Her first visit to Chelsea brought a Silver Medal, which would have pleased many, but not Kate.
“I was disappointed at the time, but it was actually a massive learning curve. The judges said that my water feature looked like a cash point machine… And it did!”
With such a successful CV, those disappointments have been rare. Gold Medals in ‘07, ‘09, ’13, ’17, ’18 and ’22, place her in the upper echelons of the business and she knows very much what is expected to hit the mark.
“You know pretty much within the first week of building a garden. If your plants are good and you hit your brief you kind of know what to expect in terms of medal. We are self-judging the whole time. I’ve had feedback from judges which has seemed unpalatable but then gone away and thought about it, and a few months later concluded that they were probably right,” she confessed.
“I’m not competitive at all but put me on a showground and I become, quietly, the most competitive person you can imagine. It brings out the worst in me.”
If the industry suffered during the pandemic is was nothing more than a glancing blow as people became much more appreciative of their homes – inside and out.
“I think the gardening world kept the economy going, during those dark times.
“We all did quite well, but there has been a slow down as people don’t have as much money as they had before. But if you are wealthy you don’t feel it and those clients tend not to go away.”
She is also grateful that clients are so willing to accept the upheaval that garden design brings.
“We are in people’s faces as landscapers. Often we have to go through their houses to get to the garden and it’s not a quick process. It’s a mission and we can be there for months building a garden.
We never want to outstay our welcome but always want to make the best job we can,” said Kate.
So, what of my potentially stupid question?
Here it is.
Is there actually a medal, or is it just a certificate with an embossed medal on it?

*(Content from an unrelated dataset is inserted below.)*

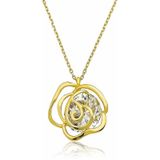HİLALSHOP 925 Ayar Gümüş Gold Gül Kadın Gümüş Kolye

Kate, showing great patience.
“No, there is an actual medal, but you only get one the first time you win. After that it is a certificate with the medal painted on it. The actual medal comes in a little 10cm by 10cm box and as far as I know it’s real gold,” she explained, adding that her certificates are up on the wall while the medal is tucked away somewhere in a cupboard.
Now it may be that there are nurseries or laboratories around the world working on a blue daffodil, in which case, I will go up a place in Kate’s list of top ten of stupid questions, but until then I’m quite satisfied that I managed to get away with it.